Minga is an app that students can use to create a hall pass for themselves with digital approval from their teachers. But PRHS has a bigger plan in store with the new application. 

“It’s an app that’s pretty much designed for schools and it has a bunch of different uses for the school. So it can be used as a calendar, it can be used for hall passes,” junior Natalie Boyd, director of web design and media for Leadership/ASB, said. `

Minga can be a valuable tool for students, but it can also reward them for their activity on the app with Pride Points. 
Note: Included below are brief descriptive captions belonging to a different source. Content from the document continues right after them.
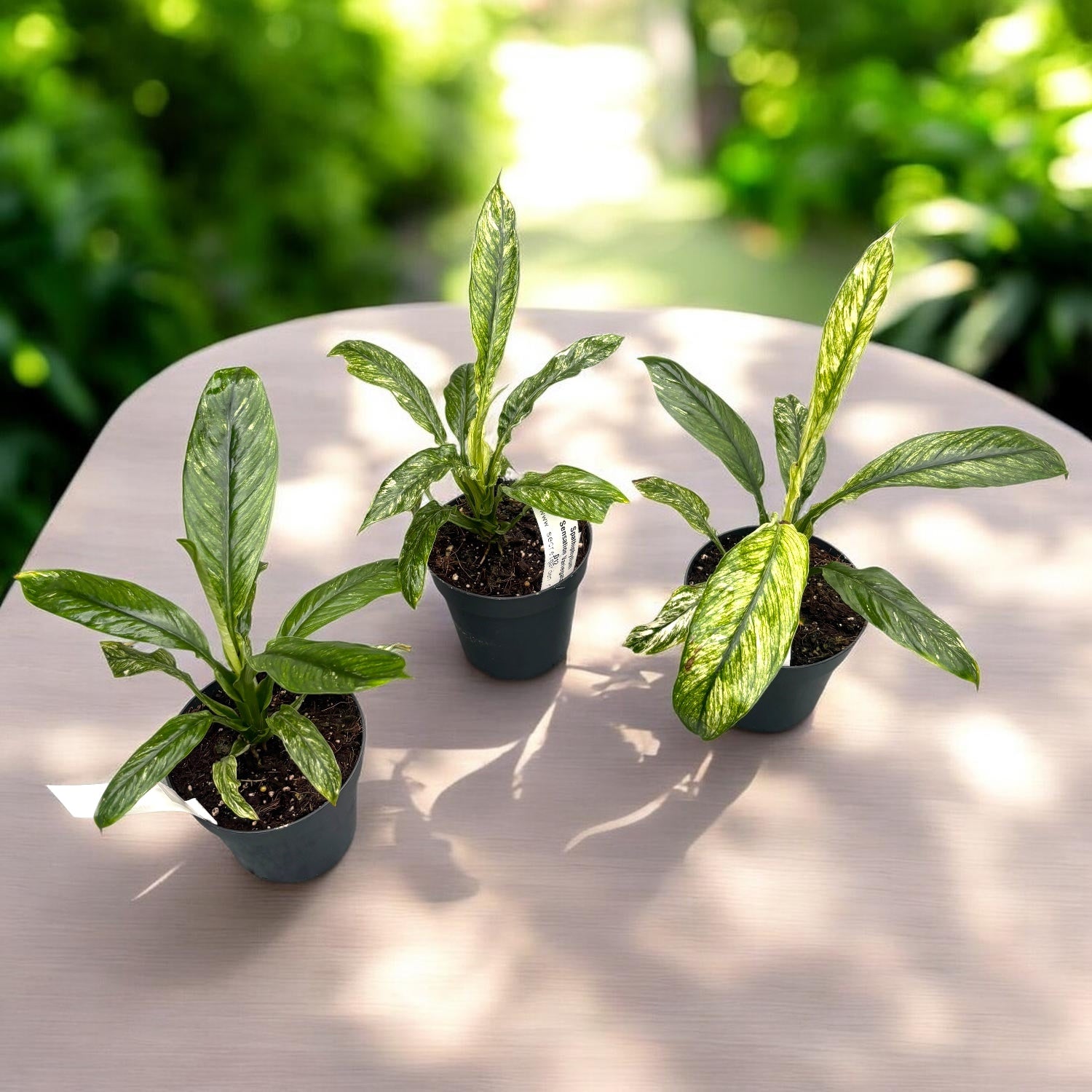 Spathiphyllum Sensation Variegata - crinul pacii variegat, planta de colectie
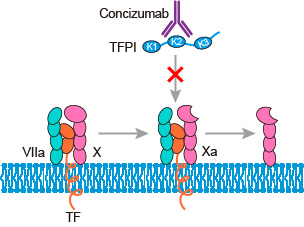 Mechanism of action of concizumab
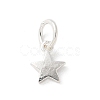 S925 Sterling Silver Pendant STER-H115-03C-S-1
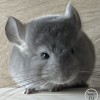 Бусинка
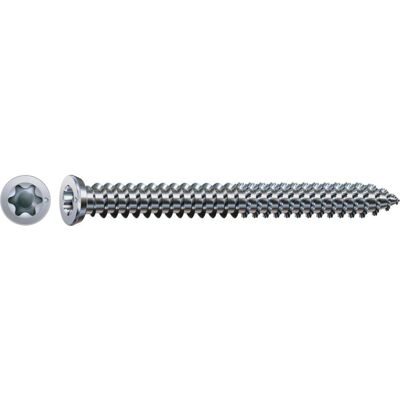 Spax, Schrauben, Spax-Ra Flachsenkkopf T-Star Plus T30 Vollgewinde Wirox (100 Schrauben pro Stück, 7.5 x 120 mm) Spax, Schrauben, Spax-Ra Flachsenkkopf T-Star Plus T30 Vollgewinde Wirox (100 Schrauben pro Stück, 7.5 x 120 mm)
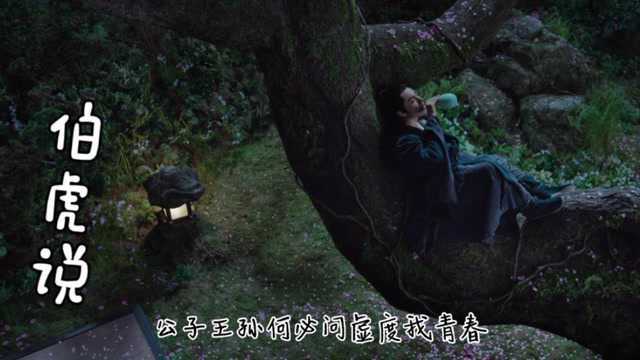 一首唯美的古风歌曲《伯虎说》,开口就让人沉醉其中,太好听了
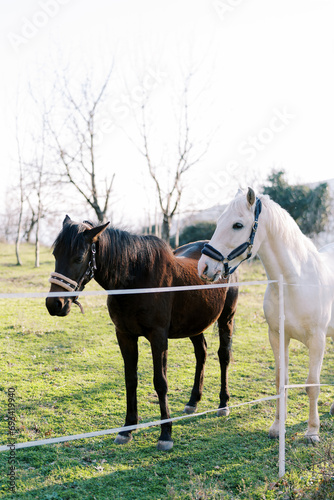 White and bay horses stand near a rope fence on a green lawn and look into the distance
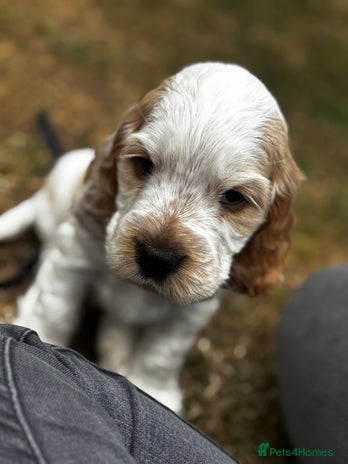 Cocker Spaniel dogs - Advert 1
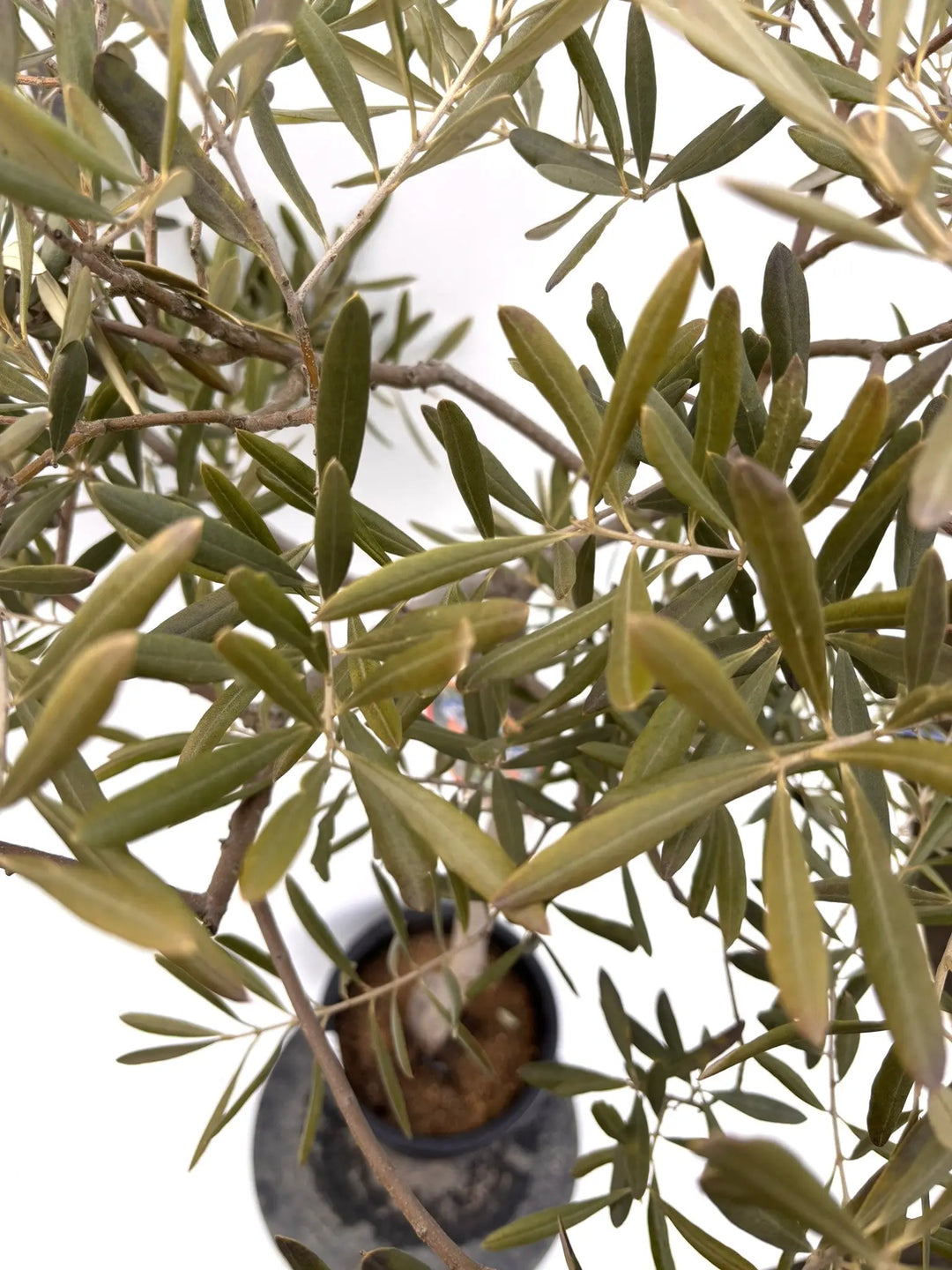 NEWデルモロッコ（オリーブの木）｜Mサイズ｜K-349｜約130cm｜希少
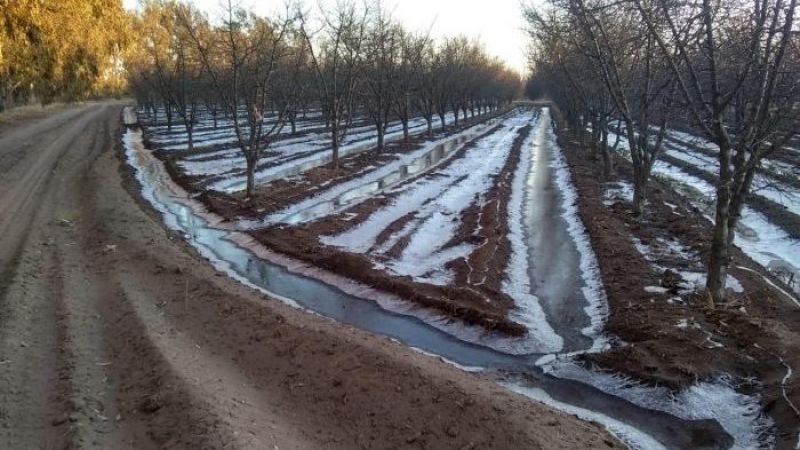 Convocan a productores a actualizar el RUT antes del 31 de mayo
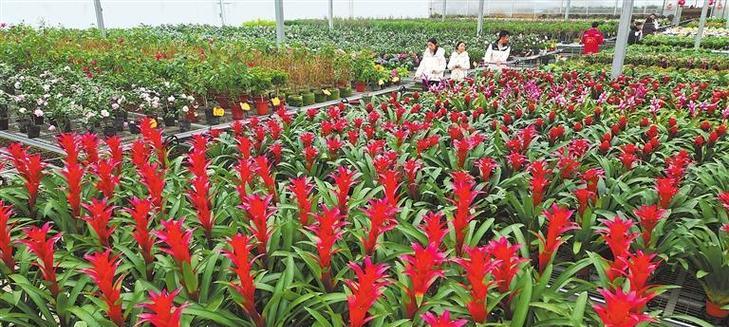临夏地区常见花卉绿植品种有哪些？如何选择适合的植物？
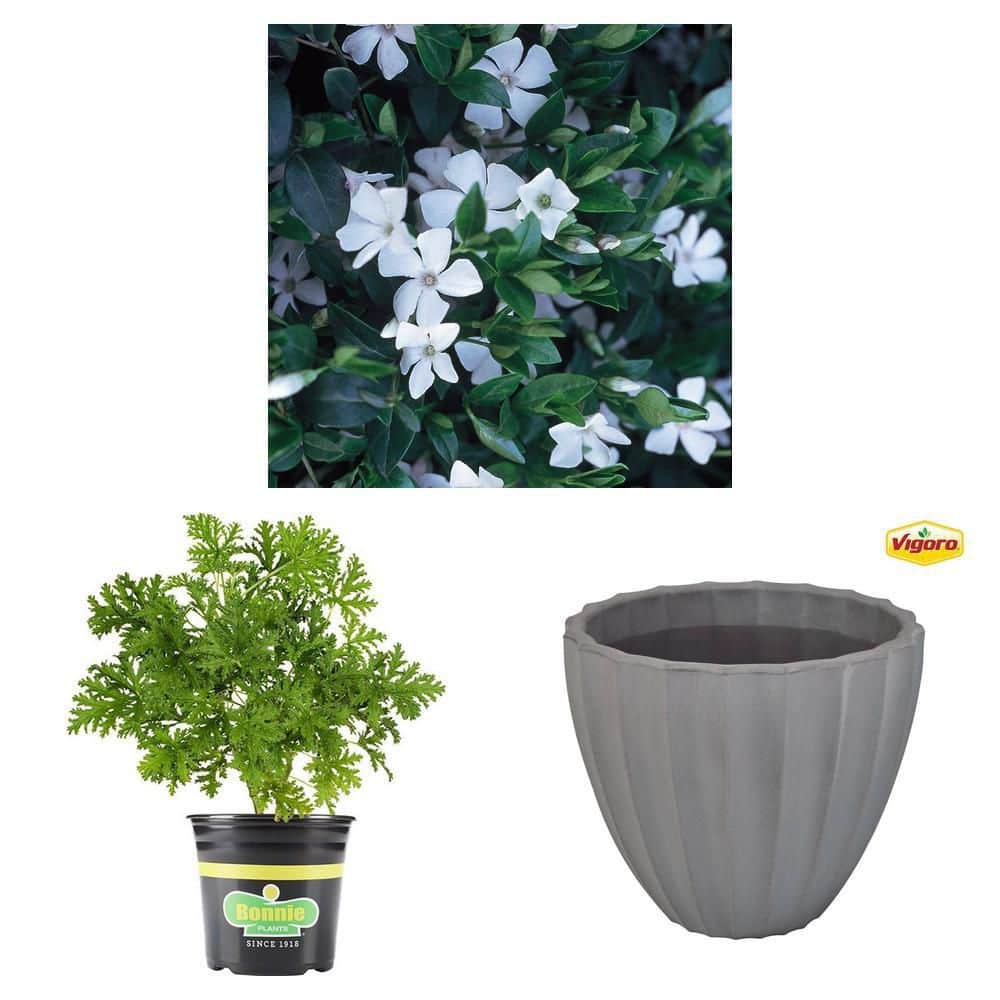 2.32 qt. Citronella Plant, 6 in. White Vinca Annual & 16 in. Gray
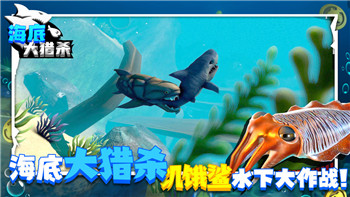 《英雄联盟》泽丽出装推荐：全新战场制霸之道！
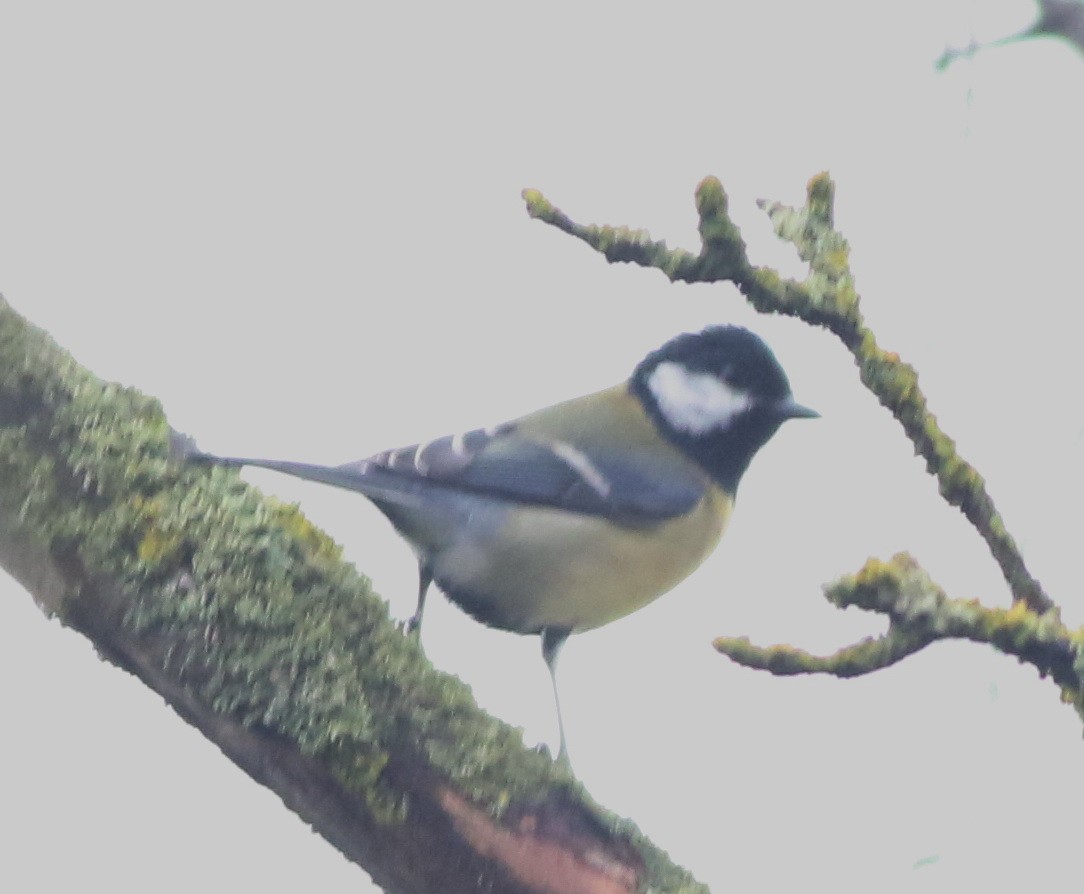 Great Tit - ML645829206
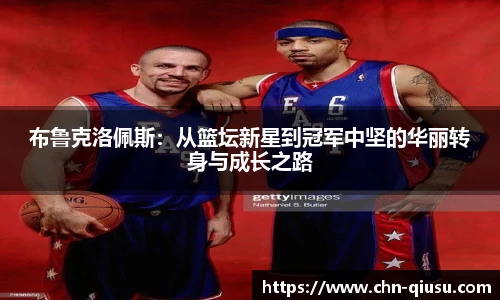 球速体育公司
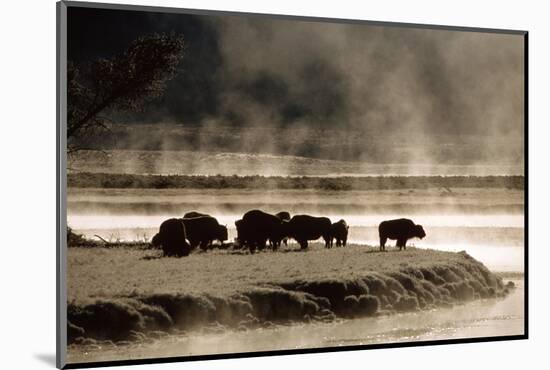 Buffalo in Yellowstone National Park WY USA-Panoramic Images-Mounted Photographic Print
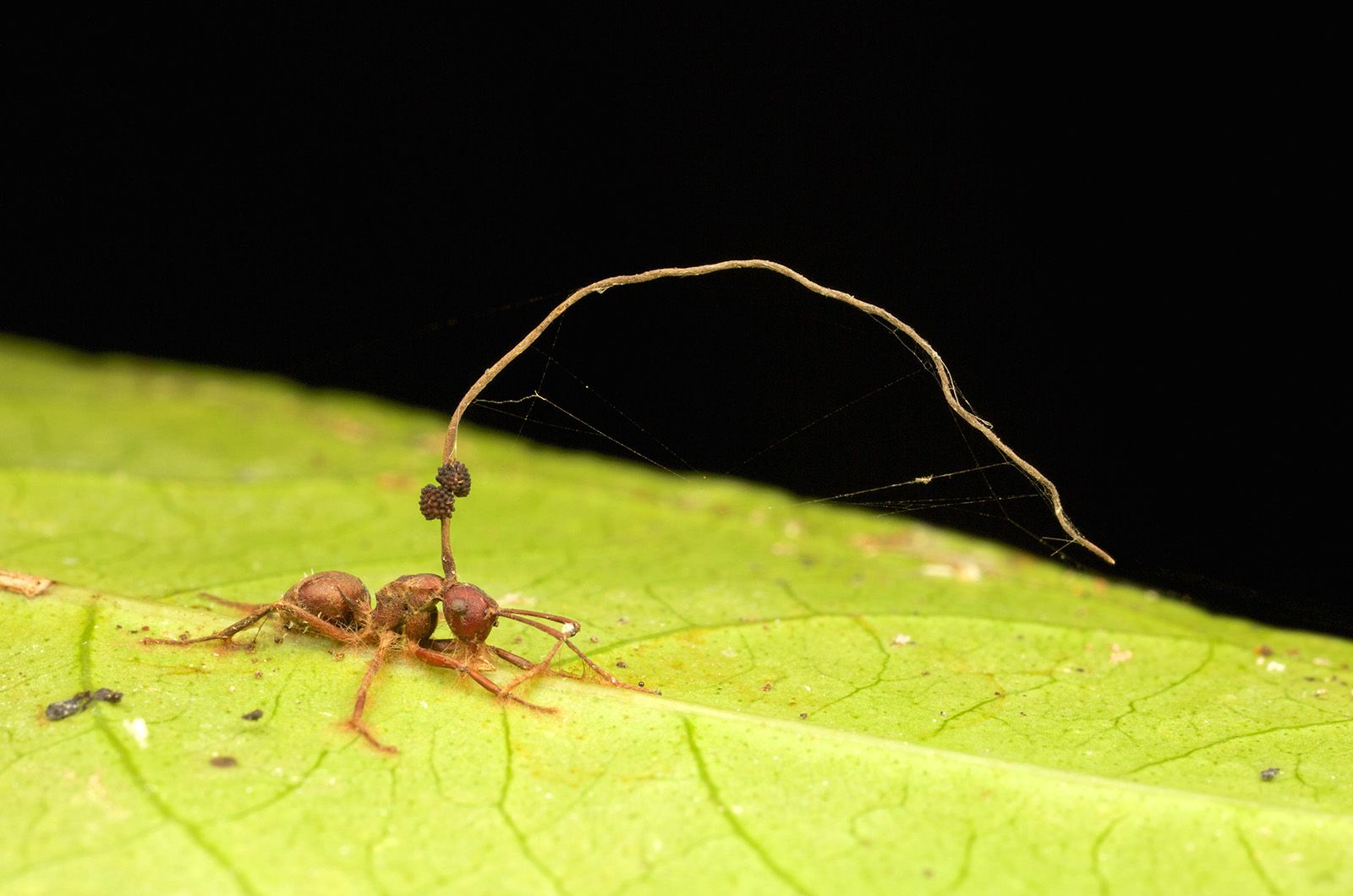 Are Zombie Insects Real And How Do Parasites Control Them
Pride points are a digital points system given to students for being good students and Bearcats. For example, if one is seen picking up trash that is not theirs or answering polls sent out by ASB on Minga, a leadership student can scan a barcode on the student Minga portal and receive pride points. Also, on Minga, there is a Pride Points leaderboard where students are ranked by how many pride points they have accumulated individually as well as by graduation class.

Boyd believes in terms of getting ASB news out to students, Minga can serve as a better alternative than social media because it’s solely school events. 

“It gets the news out there but people aren’t always going to see it because it can get clouded with other things on social media, like if they follow sports accounts or the people who get lost in their feed,” Boyd said.

“It’s an app that’s pretty much designed for schools and it has a bunch of different uses for the school.”

Natalie Boyd
Director of Web Design and Media for ASB

The Initiation


Boyd hopes to see the app “expand more by using it as an event calendar.”

Another angle to implementing Minga on campus is to use the software in the future. Paso Robles administration is planning on using Minga as an off-campus pass if upper-classmen are allowed an open campus for lunch next school year. 

Of 80 students surveyed, 27.8% of them have one teacher using Minga, 20.3% have two using Minga, 26.6% have three teachers using Minga, 11.4% have four teachers using Minga, 3.8% have five teachers using Minga, and 10.1% have six teachers using Minga. 

Do students feel that  Minga is more convenient than a written-out hall pass? Kyndrea Erraqui said, “Yes, most teachers use Minga. I think Minga is better than a written one (hall pass).”

Convenience vs. Usefulness


There are two factors to be considered: monitoring and convenience. Paper passes are more convenient when compared to Minga because according to Costa, “They have it (paper hall pass). Boom!” To add, Costa noticed students had stacks of printed paper hall passes with teacher signatures. Costa also said, “students leave the paper passes blank with a signature,” which doesn’t specify the reason the student is out of class. 

On the contrary, Minga is less convenient but specifies where a student is going, which teacher approved their pass digitally, and how much time the student is allowed to be out of class. However, students can approve themselves for a hall pass on Minga without consent from a teacher; all they have to do is click a teacher’s name. 

When students were asked to comment on their thoughts on Minga on a survey, Laithen Moore said, “Minga, while it is another step into the digital age, not all things that can be done should be done. “Revolutionizing” hall passes is one of those cases. The idea is foreign to me. I guess the feature of a digital ID could be useful, but it would be far easier to implement a digital ID into Aeries, which every single student in the school has access to. Minga is just another password to remember and has served no purpose to me except for making it harder to get a drink of water in 6th period.”

Pride Points Solution


Jennifer Bedrosian, the event calendar and challenge manager on Minga wants to use the Pride Points to transcend student culture on campus. Bedrosian said, “My hope is that we can start getting all our athletic events there.” Students will opt to attend school events together while receiving pride points. Then, once students have saved up enough pride points, they can buy bearcat merchandise from the ASB office on campus.